> EXERCISE INSTRUCTIONS: Only certain lines below are wanted: those starting at the line containing "Vintage Chinese Oriental" and ending at the line containing "Security Hood Switch Test 2608 | PDF", both included, each retyped exactly.

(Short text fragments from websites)
##########
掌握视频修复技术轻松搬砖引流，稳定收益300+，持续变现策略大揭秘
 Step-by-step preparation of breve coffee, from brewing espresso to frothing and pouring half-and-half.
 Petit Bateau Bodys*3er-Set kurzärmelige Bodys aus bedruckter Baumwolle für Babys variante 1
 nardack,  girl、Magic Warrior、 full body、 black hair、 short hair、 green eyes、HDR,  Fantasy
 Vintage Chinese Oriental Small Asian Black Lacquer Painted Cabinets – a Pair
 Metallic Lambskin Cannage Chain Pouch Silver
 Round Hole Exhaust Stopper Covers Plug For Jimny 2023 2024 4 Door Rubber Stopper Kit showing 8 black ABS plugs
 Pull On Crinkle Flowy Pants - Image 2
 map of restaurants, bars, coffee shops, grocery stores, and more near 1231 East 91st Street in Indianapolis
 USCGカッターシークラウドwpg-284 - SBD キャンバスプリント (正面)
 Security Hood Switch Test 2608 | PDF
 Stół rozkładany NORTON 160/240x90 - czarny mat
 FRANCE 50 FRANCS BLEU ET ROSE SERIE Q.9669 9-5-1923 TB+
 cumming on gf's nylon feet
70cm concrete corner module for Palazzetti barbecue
##########
> TASK RESPONSE:
 Vintage Chinese Oriental Small Asian Black Lacquer Painted Cabinets – a Pair
 Metallic Lambskin Cannage Chain Pouch Silver
 Round Hole Exhaust Stopper Covers Plug For Jimny 2023 2024 4 Door Rubber Stopper Kit showing 8 black ABS plugs
 Pull On Crinkle Flowy Pants - Image 2
 map of restaurants, bars, coffee shops, grocery stores, and more near 1231 East 91st Street in Indianapolis
 USCGカッターシークラウドwpg-284 - SBD キャンバスプリント (正面)
 Security Hood Switch Test 2608 | PDF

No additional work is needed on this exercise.